Comparison to the most currently published works on equiatomic M1 and M2 alloys indicates a tendency towards the formation of a single bcc phase as a result of arc-melting production [1,2,3,4,5]. Furthermore, these alloys maintain their bcc single-phase structures even during subsequent HPT processing [14]. Interestingly, in comparison to these studies, the new production route [7], consisting of preliminary warm compaction by ECAP followed by HPT at room temperature, has shown the presence of two phases after combined deformation, e.g., bcc and hcp. As discussed here, the application of HPT to loose powders results in the appearance of three phases, namely bcc, hcp1, and hcp2. This suggests that the new method of synthesizing RHEAs by room-temperature HPT provides a degree of freedom to obtain multiphase material depending on the strain level.

It has been found previously [14,15,16] that any heat treatment of nanocrystalline M1 and M2 below 1000 °C results in the decomposition of the bcc phase, typically into the bcc and hcp phases. It should be noted that the decomposition of the bcc phase is typically observed after annealing following plastic deformation. HPT processing is often used to introduce different levels of plastic strain into the material [14]. For example, in [16], annealing at a temperature of 467 °C caused the decomposition of the single-phase bcc M2 alloy into two different bcc structures with lower and higher lattice constants compared to the initial state. Subsequent heat treatments conducted between 467 and 617 °C resulted in the nucleation of a Zr/Hf-rich hcp phase, albeit with a low volume fraction. Similarly, as discussed in [14,16], the major bcc phase exhibited two components with higher and lower lattice parameters and a ZrHf-rich hcp phase for the M2 alloy. On the contrary, for M1 alloys, only two phases, hcp and bcc, were observed after annealing. Comparable results on phase decomposition and thermal stability were predicted by the modeling for M1 and M2 RHEAs published in [17,18]. The emergence of two HCP phases in this study due to severe plastic deformation introduced by HPT suggests a potential for optimizing properties through adjustments of strain levels and annealing parameters.

Therefore, an analysis of all publications on these two compositional systems of RHEAs, including recent ones [19,20,21,22,23,24], shows that neither experimental data [19,20,21,22] nor theoretical predictions [17,18,24] and machine learning [23] have been instrumental in discovering a new method for producing multi-phased RHEAs through severe plastic deformation at room temperature.

4. Conclusions

For the first time, the refractory high-entropy alloys with equiatomic compositions, HfNbTaTiZr and HfNbTiZr, were synthesized directly from a blend of elemental powders at room temperature using high-pressure torsion.

HPT was shown to create a homogeneous atomic mixture in the outer region of the disks, where the strain level reached 40 and an ultrafine-grained microstructure with grain sizes ranging from 30 to 40 nm was formed.
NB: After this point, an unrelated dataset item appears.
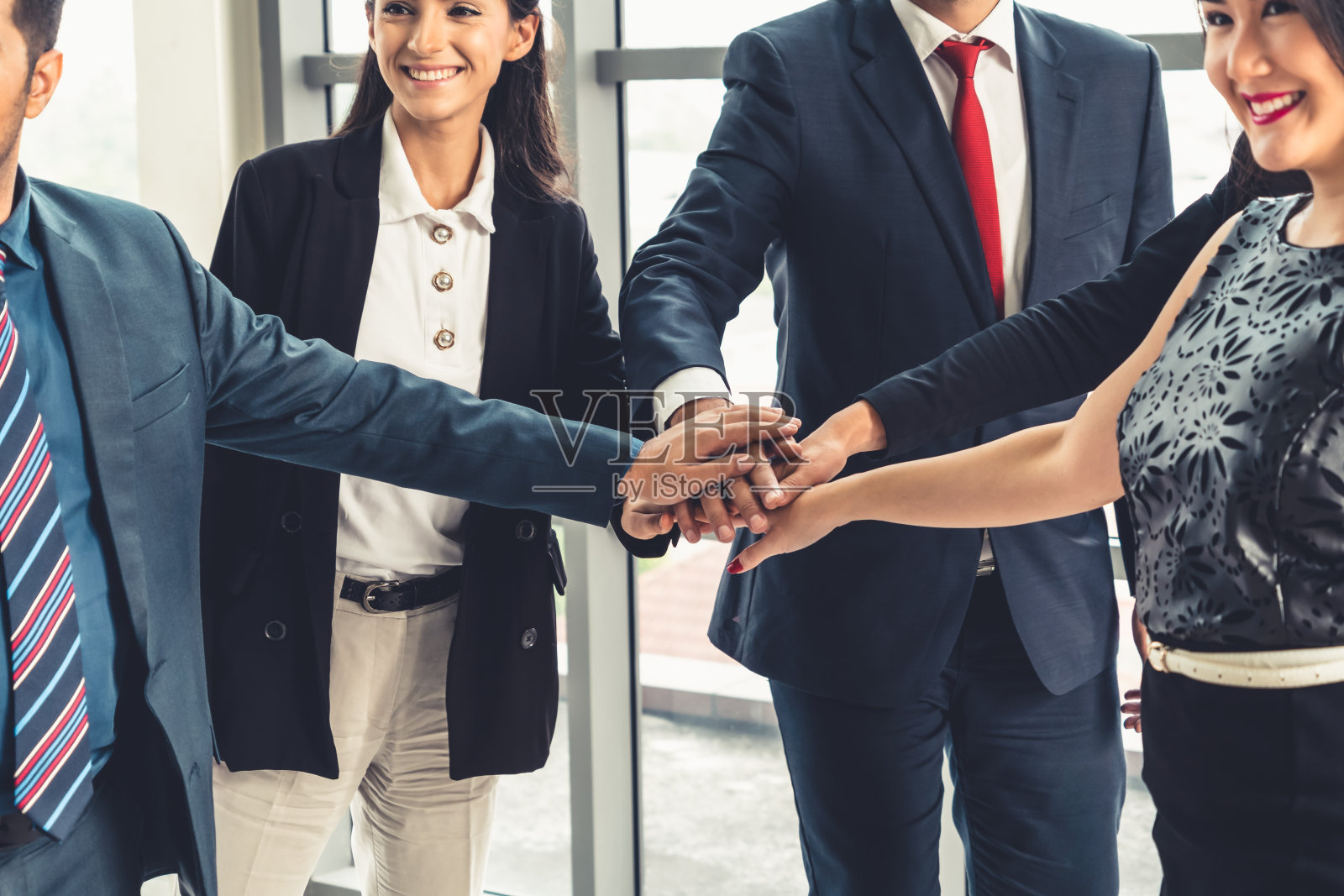 许多快乐的商人携起手来照片摄影图片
In contrast to RHEAs produced by molten routes, both alloys in the outer region of the disc underwent the formation of three new phases: Zr-based hcp1 phase, α-Ti-based hcp2 phase, and Nb-based bcc phase. The volume fraction of the hcp2 phase gradually decreased with increasing strain in both alloys, resulting in two-phase alloys at the edges of the samples in the LP-M2-HPT alloy. A similar tendency was observed for the LP-M1-HPT alloy, although a small fraction of the hcp2 phase was identified as a result of the stabilizing effect of Ta.

A short low-temperature annealing revealed a significant relaxation of the microstructure with a slightly increased grain size, although still below 100 nm. Meanwhile, the phase composition of the samples after annealing changed significantly. For the M1 alloy, annealing leads to the formation of a mixed structure consisting of the new two hexagonal and cubic phases in different proportions depending on the distance to the center of the HPT disk and, therefore, on the level of accumulated plastic strain. Alloy M2 consists predominantly of a hexagonal phase with a small admixture of a component with a cubic structure. An increase in Vickers hardness in the outer regions of the samples is attributed to the transformation of the BCC phase into new phases.